This new form of machine expands expectations of how humans and machines work together in socio-technological environments. As mentioned in the previous section, the implication of the 4E cognition approach is that cognitive processes do not only take place in the individual, but rather are embodied, embedded, active, and extended in a physical and social environment. Applying the guiding principle of triangulation in the context of HMI, the machine takes on a role in this triangle. Therefore, it is not sufficient to focus on a concept of the seemingly given interaction partner, but rather on the question of what leads to a successful human–machine interaction. According to the mediation approach of philosophy and technology, “humans and technology should not be seen as two ‘poles’ between which there is an interaction; rather, they are the result of this interaction […] they are not pre-given entities but rather once that mutually shape each other in the relations that come about between them” (Verbeek 2015: 28). Moreover, “the relation between humans and technologies is in fact part of a larger relation, between human beings and their world, in which technologies play a mediating role” (ibid).

5 Human-Technology-World

In the discussion about the relationship between human and technology, two accounts in respect of the 4E-cognition approach developed above are helpful for our investigation of human–machine interaction. On the one hand, the postphenomenological approach in philosophy of technology focuses on the general relation between humans and the world (Ihde, 1990). On the other hand, an archeological as well as an anthropological framework of Material Engagement Theory (MET) is very prominent in the debate and raises the question of how material environment shapes human cognition (Malafouris, 2013). Both theories underline that our understanding of cognition relies on what we called 4E-cognition (Sect. 3) in connection with the general relation of human and technology (Ihde and Malafouris 2019).

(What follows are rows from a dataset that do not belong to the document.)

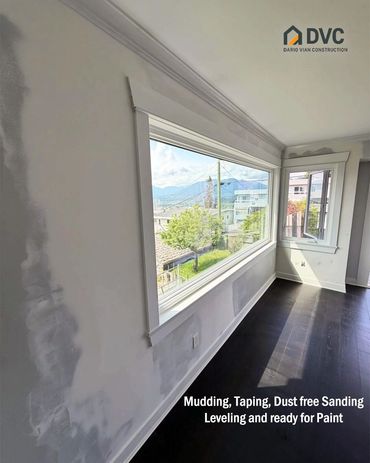 Drywall mudding, taping and dust free sanding completed and ready for paint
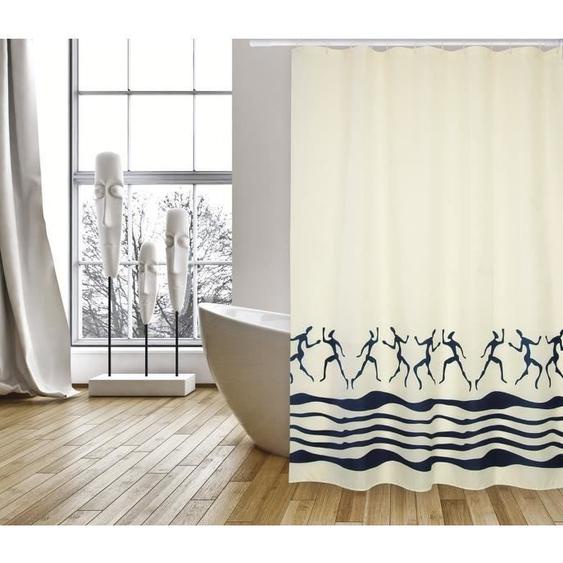 Rideau de douche en polyester 180x200cm Zanzibar - MSV - Anti-moisissure - Bleu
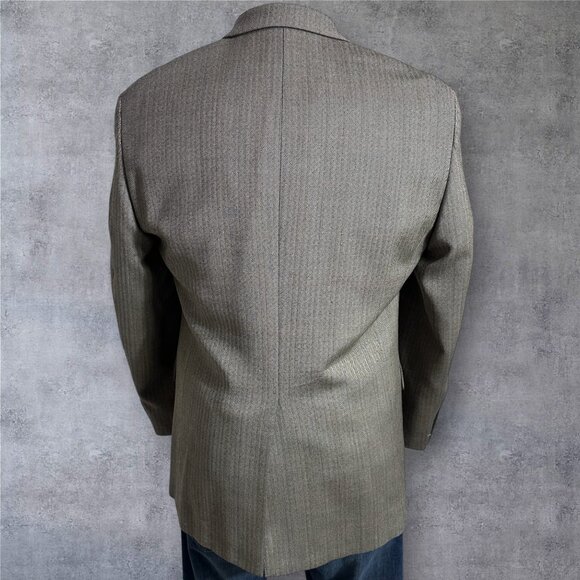 Ralph Lauren Men’s 42R Tan Wool Blazer Sport Coat 2 Button Jacket Herringbone - Picture 3 of 10
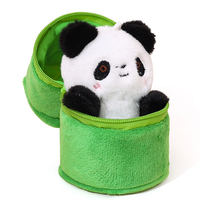 Peluche Panda Mignonne et Douce, Jouet en Peluche Panda dans un Tube en Bambou, Mini Poupée Panda, Porte-clés en Peluche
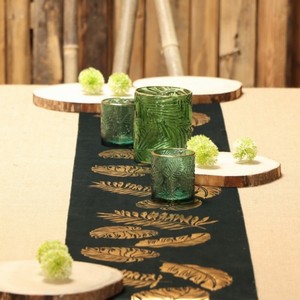 SVÍCEN skleněný Listy zelený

The postphenomenological strategy first represented in the work of Don Ihde (1990) draws attention to several ways of describing human-world-relations mediated by technologies. He distinguished four main relations of human-technologies-world: (1) the embodied relation, (2) the hermeneutic relation, (3) alterity relation (quasi other), and (4) the background relation (ibid.: 72–112). For Ihde, the first relation, the embodied relation, is the initial starting point for our engagement with technologies: “I shall begin with a focus upon experientially recognizable features that are centered upon the ways we are bodily engaged with technologies […] I-as-body interact with my environment by means of technologies” (ibid.: 72). As far as one has learned to deal with a certain technology, artifacts become transparent and belong to her ordinary experience or are somehow part of her extended body such as eyeglasses. Second, Ihde talked about the hermeneutic relation, i.e., when an interpretation of an artifact is needed like in the case of reading a thermometer (ibid.; Verbeek 2001:127–133; Aydin et al., 2019). Whereas embodied and hermeneutic relations stress the mediated form of technologies, alterity relations characterize technologies as counterpart or as quasi-other in interaction like computers or cars, which have autonomic function. In the case of social robots, this relation is crucial for the direct interaction of people with an artificial counterpart. This supposed interaction partner appears in a double aspect; on the one hand, it is an objectified counterpart, and on the other hand, it still has the mediated form. According to Ihde (1990, 106), the otherness of the computer “remains a quasi-otherness, and its genuine usefulness still belongs to the borders of its hermeneutic capacities. Yet in spite of this, the tendency to fantasize its quasi-otherness into an authentic otherness is pervasive.” The user’s attitude towards the artificial interaction partner decides whether the social robot is perceived as a quasi-other or as an authentic other. At last, in the background relation, technologies do not play a fundamental role in our experience. Instead, they frame the context of our human experience in an implicit way. That means that these kinds of technologies can work without being perceived actively, e.g., a WLAN router.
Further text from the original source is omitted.